And why should they when the American has seemingly made it his business to 'erase' our runners' outstanding feats.

Back in 2019 Walmsley broke Bruce Fordyce's 36-year-old 50 mile record.

That wasn't so bad given that he did this out in the United States and not many of the current South African ultra running generation were aware of Fordyce's feat.

But then this weekend, the American made the very long trip from his home in Phoenix, Arizona to Cape Town here to smash into smithereens a four-year record that most locals were thinking would stand for much longer. And he did that despite having gone off track during the race.

Walmsley won the eighth running of the Ultra Trail Cape Town (UTCT) on Saturday in 9:47:20 to slice off nearly three minutes off the record set by Prodigal Khumalo back in 2017.

Walmsley put on a superb performance, especially as he achieved this new record despite going off-course at the top of Table Mountain and losing some minutes, and for the fact that the course had been adjusted to include another climb (Vlakkenberg Peak), which was expected to add a possible 30 minutes to finishing times.

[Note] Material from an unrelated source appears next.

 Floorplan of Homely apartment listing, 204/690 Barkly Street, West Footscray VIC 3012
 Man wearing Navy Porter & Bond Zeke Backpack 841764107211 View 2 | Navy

The 31-year-old took the victory in his stride making light of his having gotten lost en route.

“It was pretty early on though and not a big deal, it’s a long day. It was a good reminder just to settle into it and to find a sustainable pace and work my way back into it.”

He was pretty modest about having broken the record, Walmsley putting his brilliant run down to the cool weather conditions brought about by the rain that fell the night before.

“I think we really lucked out with pretty good weather and I think that’s the main reason why there’s a fast time today."

That though is not really the full story, for such is Walmsley's quality that he created daylight between himself and the other competitors.

Second-placed Sebastien Speller of France Speller came in some 30 minutes behind the American in 10:16:20 while Italian Andreas Rriterer was third in 10:41:21.

The first South African home was Daniel Claassen who took fifth place in 10:56:16.He described his high placing as totally unexpected.

“I am super-stoked with the result. When I looked at the line-up, I did not expect a top five. I think everyone took it a bit easy in the beginning so they didn’t burn themselves. I just stuck to my gameplan, and I’m very happy that I could finish strong.”

In the women's race, American Courtney Dauwalter reigned victorious in 11:20:04 for an incredible 8th place overall. He was followed by Marianne Hogan of Canada in 12:15:13 while France's Maryline Nakache was third in a time of 12:27:06.

South Africans Ann Ashworth (12:50:57) and Kerry-Ann Marshall (13:14:52) were fourth and fifth respectively.

It was Walmsley everyone was talking about though following his incredible record breaking ru. The man he deposed, Khumalo finished in a distant 44th spot while three-time Comrades Marathon champion Bongmusa Mthembu took a credible seventh place to erase the bad memories of his 2017 DNF (did not finish).